BRIEF:
Look below for the line holding "Cross Back Mini" and the line holding "Tabletop Fountain with". Repeat those two and everything between, exactly.

MATERIAL TO PROCESS:
--- --- ---

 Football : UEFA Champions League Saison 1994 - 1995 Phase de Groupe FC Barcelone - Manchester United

--- --- ---

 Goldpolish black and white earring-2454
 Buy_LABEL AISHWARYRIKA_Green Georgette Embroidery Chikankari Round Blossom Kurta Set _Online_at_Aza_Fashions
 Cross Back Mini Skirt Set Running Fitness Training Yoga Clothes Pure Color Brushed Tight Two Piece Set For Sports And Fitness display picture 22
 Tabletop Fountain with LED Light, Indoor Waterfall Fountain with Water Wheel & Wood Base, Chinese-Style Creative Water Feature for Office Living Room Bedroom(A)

--- --- ---

SOLUTION FOR THIS EXERCISE:
 Cross Back Mini Skirt Set Running Fitness Training Yoga Clothes Pure Color Brushed Tight Two Piece Set For Sports And Fitness display picture 22
 Tabletop Fountain with LED Light, Indoor Waterfall Fountain with Water Wheel & Wood Base, Chinese-Style Creative Water Feature for Office Living Room Bedroom(A)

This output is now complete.